A Ferrari produziu somente 36 exemplares do lendário 250 GTO no começo dos anos 60. A combinação entre escassez e resultados nas pistas fez dele, hoje, não apenas o Ferrari mais cobiçado de todos, mas também um dos automóveis mais valiosos do planeta.
O Ferrari 250 GTO “Bianco Speciale” e a raridade da pintura branca
O carro que agora será oferecido em leilão traz um detalhe que o diferencia - e que pode torná-lo ainda mais especial do que os outros 35. Este Ferrari 250 GTO de chassi #3729 foi o único a deixar Maranello com a carroceria em branco, mais precisamente no tom “Bianco Speciale”.
Esse elemento incomum, somado ao seu currículo esportivo, pode colocá-lo no topo entre os Ferrari mais caros de sempre. Vale lembrar que o último 250 GTO leiloado, em 2023, foi vendido por 51,705 milhões de dólares (48,247 milhões de euros na época), valor que ainda hoje é o maior já pago em um leilão.
Sempre ligado à competição
Com volante do lado direito, este exemplar tem uma trajetória diretamente associada ao automobilismo britânico. Entre 1962 e 1964, alinhou em várias provas em pistas históricas como Brands Hatch, Goodwood e Silverstone.
Ao volante estiveram nomes como Graham Hill, enfrentando rivais como o Shelby Cobra Daytona, entre outros. Porém, a narrativa deste 250 GTO começa com John Coombs, dono de uma das equipes de corrida mais respeitadas do Reino Unido.
A exceção ao vermelho e a intervenção de Alfredo Reali
Embora Coombs fosse fiel à Jaguar (e também comercializasse seus carros), ele conseguiu convencer a Ferrari a abrir mão de uma “regra de ouro”: pintar o 250 GTO de branco, e não de vermelho, como mandava a tradição. Como isso aconteceu? Não existe uma confirmação definitiva, mas, de acordo com a casa de leilões Mecum Auctions, tudo indica que a mudança só foi viabilizada graças à participação de Alfredo Reali, responsável por intermediar a Ferrari e clientes com solicitações mais sensíveis e fora do padrão.
A ideia de John Coombs para «provocar» a Jaguar
A motivação de Coombs ao comprar o Ferrari 250 GTO também tinha outro objetivo: «provocar» a Jaguar a desenvolver o E-Type Lightweight e deixá-lo mais competitivo diante do Ferrari. De forma curiosa, o E-Type acabaria correndo mais tarde na equipe de Coombs, lado a lado com o Ferrari.
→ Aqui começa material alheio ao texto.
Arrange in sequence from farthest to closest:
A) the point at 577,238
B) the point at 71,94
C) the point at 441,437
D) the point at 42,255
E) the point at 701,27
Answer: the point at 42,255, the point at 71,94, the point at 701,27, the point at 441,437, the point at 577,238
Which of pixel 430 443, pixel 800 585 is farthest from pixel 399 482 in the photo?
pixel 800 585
Em 1963, o “Bianco Speciale” passou para o piloto Jack Sears, que competiu com o carro e permaneceu com ele até 1999. Nesse ano, o GTO foi vendido para Jon Shirley, colecionador renomado e ex-executivo da Microsoft, que encomendou uma restauração completa com certificação Ferrari Classiche - incluindo um motor construído do zero.
Nos anos seguintes, o modelo marcou presença em diversos eventos e corridas dedicados a carros históricos, sempre mantendo um estado de conservação impecável. Agora, volta ao centro das atenções e ficará exposto na Monterey Car Week, entre 14 e 16 de agosto.
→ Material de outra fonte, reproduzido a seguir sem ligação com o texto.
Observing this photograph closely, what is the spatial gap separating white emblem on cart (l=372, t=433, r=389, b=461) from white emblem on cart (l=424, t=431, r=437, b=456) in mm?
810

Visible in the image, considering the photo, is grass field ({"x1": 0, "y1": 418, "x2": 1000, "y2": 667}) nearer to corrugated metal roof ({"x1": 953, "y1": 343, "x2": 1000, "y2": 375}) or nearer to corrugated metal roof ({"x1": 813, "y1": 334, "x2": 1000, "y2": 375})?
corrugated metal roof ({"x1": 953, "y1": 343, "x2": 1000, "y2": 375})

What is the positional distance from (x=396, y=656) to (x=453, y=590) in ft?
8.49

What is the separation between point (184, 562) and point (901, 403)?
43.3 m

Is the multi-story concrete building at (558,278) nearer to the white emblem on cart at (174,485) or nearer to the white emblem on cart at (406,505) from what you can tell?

Mas o leilão acontecerá apenas em 2026, entre 6 e 18 de janeiro, em Kissimmee, na Flórida. Para detalhes completos, o lote pode ser consultado no site da Mecum Auctions.
Este Ferrari 250 GTO pode bater recordes
O preço final ainda é uma incógnita, mas os parâmetros mais recentes chamam atenção. Como já mencionamos, o último 250 GTO foi arrematado por mais de 48 milhões de euros e é, atualmente, o mais caro de todos - e não tinha a exclusividade da pintura branca.
Com esse histórico, essa raridade e esse pedigree, não será surpresa se o “Bianco Speciale” se tornar o Ferrari mais caro já vendido em leilão.